*STORED DATA*.
★ ★ ★ ★
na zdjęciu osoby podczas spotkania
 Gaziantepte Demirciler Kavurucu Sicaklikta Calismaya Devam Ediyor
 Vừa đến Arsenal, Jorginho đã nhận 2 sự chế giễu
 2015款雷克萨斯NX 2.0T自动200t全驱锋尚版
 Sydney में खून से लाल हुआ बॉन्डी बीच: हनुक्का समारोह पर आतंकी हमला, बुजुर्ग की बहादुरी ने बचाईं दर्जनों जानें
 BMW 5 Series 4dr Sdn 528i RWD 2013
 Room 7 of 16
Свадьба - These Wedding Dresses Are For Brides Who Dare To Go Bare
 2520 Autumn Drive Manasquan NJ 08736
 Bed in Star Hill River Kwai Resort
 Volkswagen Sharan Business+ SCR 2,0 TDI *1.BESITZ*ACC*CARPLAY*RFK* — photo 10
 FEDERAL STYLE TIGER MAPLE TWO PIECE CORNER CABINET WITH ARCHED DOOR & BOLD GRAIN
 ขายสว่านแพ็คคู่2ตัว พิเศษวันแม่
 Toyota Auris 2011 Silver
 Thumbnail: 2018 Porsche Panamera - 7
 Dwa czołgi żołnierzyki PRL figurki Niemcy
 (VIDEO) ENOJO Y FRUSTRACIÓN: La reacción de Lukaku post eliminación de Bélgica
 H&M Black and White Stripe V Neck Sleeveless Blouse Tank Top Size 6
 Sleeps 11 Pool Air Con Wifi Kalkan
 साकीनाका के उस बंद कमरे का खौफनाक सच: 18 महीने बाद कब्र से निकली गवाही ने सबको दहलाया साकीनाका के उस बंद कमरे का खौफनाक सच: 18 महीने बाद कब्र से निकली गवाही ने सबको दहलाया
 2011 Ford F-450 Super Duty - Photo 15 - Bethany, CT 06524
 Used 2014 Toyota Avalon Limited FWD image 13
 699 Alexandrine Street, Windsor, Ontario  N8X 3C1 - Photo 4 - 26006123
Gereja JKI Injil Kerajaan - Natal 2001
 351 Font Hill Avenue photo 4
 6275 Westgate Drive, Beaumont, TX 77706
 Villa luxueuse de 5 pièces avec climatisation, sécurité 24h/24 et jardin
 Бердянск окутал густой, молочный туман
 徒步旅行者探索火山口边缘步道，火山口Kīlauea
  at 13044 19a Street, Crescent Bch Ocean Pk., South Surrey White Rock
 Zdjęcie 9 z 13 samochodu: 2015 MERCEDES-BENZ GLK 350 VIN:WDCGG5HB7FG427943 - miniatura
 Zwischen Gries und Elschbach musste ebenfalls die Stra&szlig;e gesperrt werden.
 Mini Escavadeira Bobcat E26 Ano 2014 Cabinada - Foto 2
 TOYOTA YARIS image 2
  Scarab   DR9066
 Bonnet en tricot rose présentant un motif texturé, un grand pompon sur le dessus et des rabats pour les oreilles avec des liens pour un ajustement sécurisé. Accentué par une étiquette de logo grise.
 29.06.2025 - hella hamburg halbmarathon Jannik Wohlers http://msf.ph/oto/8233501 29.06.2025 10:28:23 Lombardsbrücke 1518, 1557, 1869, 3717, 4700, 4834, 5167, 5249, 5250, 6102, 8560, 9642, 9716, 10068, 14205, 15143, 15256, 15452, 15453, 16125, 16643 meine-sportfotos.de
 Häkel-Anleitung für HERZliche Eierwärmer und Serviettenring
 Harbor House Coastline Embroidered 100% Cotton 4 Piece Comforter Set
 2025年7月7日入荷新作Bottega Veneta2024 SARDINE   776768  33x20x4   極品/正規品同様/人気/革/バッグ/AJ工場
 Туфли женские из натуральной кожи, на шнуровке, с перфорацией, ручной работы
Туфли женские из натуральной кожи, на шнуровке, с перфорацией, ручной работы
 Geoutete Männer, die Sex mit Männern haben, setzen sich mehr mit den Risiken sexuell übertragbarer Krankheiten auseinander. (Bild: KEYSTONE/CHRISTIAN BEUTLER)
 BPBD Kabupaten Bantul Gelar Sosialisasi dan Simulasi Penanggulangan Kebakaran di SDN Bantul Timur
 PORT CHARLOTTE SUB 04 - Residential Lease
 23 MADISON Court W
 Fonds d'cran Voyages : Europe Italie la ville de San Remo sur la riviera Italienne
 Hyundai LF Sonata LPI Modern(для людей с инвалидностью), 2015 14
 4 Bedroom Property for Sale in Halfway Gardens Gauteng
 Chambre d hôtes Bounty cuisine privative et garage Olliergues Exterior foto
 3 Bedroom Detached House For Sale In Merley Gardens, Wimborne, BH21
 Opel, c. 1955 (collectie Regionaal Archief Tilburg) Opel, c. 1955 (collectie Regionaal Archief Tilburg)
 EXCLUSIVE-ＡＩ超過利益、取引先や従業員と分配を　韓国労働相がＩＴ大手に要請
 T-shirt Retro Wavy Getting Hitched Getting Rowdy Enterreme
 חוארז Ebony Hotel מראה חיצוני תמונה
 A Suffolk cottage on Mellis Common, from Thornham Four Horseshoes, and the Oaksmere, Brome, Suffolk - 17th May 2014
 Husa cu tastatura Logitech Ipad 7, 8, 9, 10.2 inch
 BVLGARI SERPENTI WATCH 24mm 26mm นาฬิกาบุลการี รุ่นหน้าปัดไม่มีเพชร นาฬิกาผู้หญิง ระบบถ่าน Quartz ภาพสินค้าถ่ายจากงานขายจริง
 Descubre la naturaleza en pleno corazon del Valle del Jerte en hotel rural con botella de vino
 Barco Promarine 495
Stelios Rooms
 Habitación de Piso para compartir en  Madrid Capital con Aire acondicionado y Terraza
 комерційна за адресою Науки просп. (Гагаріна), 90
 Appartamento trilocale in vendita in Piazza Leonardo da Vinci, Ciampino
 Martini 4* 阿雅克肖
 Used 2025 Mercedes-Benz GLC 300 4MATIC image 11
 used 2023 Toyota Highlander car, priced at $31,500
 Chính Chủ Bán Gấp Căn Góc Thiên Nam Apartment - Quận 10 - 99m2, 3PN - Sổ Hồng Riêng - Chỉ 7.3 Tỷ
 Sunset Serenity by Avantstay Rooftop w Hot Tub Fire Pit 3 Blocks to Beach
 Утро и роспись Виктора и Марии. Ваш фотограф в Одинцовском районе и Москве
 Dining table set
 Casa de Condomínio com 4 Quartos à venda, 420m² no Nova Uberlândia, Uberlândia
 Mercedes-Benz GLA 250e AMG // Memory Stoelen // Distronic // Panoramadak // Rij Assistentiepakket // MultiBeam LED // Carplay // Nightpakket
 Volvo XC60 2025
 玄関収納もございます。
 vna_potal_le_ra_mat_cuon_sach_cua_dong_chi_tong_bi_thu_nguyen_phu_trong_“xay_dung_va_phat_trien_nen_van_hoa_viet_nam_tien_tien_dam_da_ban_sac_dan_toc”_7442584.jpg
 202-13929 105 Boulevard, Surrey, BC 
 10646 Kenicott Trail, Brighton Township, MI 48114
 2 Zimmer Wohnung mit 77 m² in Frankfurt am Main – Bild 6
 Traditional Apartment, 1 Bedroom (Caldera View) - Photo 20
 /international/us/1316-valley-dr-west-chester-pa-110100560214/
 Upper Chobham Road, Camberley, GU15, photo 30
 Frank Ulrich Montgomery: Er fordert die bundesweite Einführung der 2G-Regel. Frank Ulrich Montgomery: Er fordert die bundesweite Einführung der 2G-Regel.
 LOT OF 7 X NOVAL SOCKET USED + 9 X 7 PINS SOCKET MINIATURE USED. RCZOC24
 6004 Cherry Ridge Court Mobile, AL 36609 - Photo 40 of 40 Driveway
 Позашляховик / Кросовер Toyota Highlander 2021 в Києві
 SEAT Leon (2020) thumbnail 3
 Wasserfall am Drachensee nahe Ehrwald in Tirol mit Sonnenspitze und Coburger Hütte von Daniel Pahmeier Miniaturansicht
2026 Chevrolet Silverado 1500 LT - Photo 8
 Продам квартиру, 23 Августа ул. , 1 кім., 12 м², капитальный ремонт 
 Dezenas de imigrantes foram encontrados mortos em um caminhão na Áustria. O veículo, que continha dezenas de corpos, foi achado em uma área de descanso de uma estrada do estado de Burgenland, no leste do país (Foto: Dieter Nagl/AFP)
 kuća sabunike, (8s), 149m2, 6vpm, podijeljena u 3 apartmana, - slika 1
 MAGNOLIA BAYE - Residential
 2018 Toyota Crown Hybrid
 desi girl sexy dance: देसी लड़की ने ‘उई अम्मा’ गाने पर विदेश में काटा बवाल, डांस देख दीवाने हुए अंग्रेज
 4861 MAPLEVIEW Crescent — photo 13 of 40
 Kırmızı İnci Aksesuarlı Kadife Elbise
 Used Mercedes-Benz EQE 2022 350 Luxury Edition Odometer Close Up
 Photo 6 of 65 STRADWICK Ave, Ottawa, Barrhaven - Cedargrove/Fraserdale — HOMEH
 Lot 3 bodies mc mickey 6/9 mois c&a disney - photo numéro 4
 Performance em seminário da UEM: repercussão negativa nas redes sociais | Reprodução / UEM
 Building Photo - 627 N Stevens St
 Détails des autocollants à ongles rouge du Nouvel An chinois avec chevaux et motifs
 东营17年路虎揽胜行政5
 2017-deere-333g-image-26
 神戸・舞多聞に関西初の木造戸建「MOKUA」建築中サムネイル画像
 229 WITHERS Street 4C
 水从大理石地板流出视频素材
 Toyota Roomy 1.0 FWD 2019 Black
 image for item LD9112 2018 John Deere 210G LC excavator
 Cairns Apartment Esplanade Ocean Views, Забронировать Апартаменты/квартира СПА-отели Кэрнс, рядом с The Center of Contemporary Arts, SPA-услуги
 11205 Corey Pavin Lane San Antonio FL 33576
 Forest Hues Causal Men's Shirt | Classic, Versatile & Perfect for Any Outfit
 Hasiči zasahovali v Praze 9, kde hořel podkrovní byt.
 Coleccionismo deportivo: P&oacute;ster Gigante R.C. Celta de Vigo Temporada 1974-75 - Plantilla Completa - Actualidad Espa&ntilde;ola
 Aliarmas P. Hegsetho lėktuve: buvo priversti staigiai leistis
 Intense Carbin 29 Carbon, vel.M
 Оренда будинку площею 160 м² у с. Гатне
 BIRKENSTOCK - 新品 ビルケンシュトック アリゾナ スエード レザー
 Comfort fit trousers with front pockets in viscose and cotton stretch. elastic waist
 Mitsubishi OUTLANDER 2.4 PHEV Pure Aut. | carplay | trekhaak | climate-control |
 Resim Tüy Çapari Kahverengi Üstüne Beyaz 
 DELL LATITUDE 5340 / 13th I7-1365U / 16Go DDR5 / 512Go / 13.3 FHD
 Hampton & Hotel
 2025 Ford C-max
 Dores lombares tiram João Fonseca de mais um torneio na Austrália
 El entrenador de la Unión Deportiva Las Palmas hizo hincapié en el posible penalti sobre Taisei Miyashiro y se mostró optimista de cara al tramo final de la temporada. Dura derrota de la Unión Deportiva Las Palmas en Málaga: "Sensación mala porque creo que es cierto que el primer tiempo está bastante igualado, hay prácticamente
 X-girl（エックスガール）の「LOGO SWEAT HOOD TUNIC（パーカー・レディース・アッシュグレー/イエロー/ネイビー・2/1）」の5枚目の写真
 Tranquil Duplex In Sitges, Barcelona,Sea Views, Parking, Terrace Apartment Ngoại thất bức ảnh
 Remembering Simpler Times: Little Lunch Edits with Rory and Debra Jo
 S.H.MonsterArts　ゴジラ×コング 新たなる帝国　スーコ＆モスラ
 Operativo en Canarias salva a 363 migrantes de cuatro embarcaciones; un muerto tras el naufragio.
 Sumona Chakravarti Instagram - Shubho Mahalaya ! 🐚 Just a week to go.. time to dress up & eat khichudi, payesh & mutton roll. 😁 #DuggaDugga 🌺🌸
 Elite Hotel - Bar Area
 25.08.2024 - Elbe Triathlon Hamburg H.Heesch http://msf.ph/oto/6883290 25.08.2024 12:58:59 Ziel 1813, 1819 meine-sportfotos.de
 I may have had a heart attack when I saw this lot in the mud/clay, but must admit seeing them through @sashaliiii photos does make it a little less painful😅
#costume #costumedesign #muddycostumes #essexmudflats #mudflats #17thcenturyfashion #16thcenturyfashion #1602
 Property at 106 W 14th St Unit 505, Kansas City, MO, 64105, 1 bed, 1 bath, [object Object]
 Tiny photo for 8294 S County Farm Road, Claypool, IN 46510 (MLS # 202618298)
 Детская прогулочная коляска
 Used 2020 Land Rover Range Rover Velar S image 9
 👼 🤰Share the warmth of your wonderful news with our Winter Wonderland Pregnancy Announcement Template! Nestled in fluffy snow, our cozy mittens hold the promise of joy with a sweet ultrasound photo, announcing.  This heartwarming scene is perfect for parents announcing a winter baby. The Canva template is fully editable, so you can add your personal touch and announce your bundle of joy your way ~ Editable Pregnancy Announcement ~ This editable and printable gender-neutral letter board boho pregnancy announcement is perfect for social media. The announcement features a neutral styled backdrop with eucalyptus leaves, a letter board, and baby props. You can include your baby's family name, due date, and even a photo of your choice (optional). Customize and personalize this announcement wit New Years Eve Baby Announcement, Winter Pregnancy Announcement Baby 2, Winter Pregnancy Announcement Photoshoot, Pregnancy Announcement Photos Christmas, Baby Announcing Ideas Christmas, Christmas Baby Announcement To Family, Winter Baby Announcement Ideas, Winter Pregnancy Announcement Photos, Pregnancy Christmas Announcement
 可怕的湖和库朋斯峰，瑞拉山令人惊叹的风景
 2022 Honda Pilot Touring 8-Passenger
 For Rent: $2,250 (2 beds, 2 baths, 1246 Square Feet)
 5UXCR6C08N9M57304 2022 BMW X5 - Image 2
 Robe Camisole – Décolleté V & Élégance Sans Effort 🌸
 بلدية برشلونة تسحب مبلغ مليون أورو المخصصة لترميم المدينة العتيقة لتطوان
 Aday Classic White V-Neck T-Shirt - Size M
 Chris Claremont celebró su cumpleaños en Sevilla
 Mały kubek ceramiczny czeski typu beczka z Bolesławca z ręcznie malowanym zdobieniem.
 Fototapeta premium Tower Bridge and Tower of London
★ ★ ★ ★
*EXERCISE BRIEF*. Look above for the line containing "Harbor House Coastline" and the line containing "Stelios Rooms". Transcribe both, with the lines between them, exactly.

*PROBLEM SOLUTION*.
 Harbor House Coastline Embroidered 100% Cotton 4 Piece Comforter Set
 2025年7月7日入荷新作Bottega Veneta2024 SARDINE   776768  33x20x4   極品/正規品同様/人気/革/バッグ/AJ工場
 Туфли женские из натуральной кожи, на шнуровке, с перфорацией, ручной работы
Туфли женские из натуральной кожи, на шнуровке, с перфорацией, ручной работы
 Geoutete Männer, die Sex mit Männern haben, setzen sich mehr mit den Risiken sexuell übertragbarer Krankheiten auseinander. (Bild: KEYSTONE/CHRISTIAN BEUTLER)
 BPBD Kabupaten Bantul Gelar Sosialisasi dan Simulasi Penanggulangan Kebakaran di SDN Bantul Timur
 PORT CHARLOTTE SUB 04 - Residential Lease
 23 MADISON Court W
 Fonds d'cran Voyages : Europe Italie la ville de San Remo sur la riviera Italienne
 Hyundai LF Sonata LPI Modern(для людей с инвалидностью), 2015 14
 4 Bedroom Property for Sale in Halfway Gardens Gauteng
 Chambre d hôtes Bounty cuisine privative et garage Olliergues Exterior foto
 3 Bedroom Detached House For Sale In Merley Gardens, Wimborne, BH21
 Opel, c. 1955 (collectie Regionaal Archief Tilburg) Opel, c. 1955 (collectie Regionaal Archief Tilburg)
 EXCLUSIVE-ＡＩ超過利益、取引先や従業員と分配を　韓国労働相がＩＴ大手に要請
 T-shirt Retro Wavy Getting Hitched Getting Rowdy Enterreme
 חוארז Ebony Hotel מראה חיצוני תמונה
 A Suffolk cottage on Mellis Common, from Thornham Four Horseshoes, and the Oaksmere, Brome, Suffolk - 17th May 2014
 Husa cu tastatura Logitech Ipad 7, 8, 9, 10.2 inch
 BVLGARI SERPENTI WATCH 24mm 26mm นาฬิกาบุลการี รุ่นหน้าปัดไม่มีเพชร นาฬิกาผู้หญิง ระบบถ่าน Quartz ภาพสินค้าถ่ายจากงานขายจริง
 Descubre la naturaleza en pleno corazon del Valle del Jerte en hotel rural con botella de vino
 Barco Promarine 495
Stelios Rooms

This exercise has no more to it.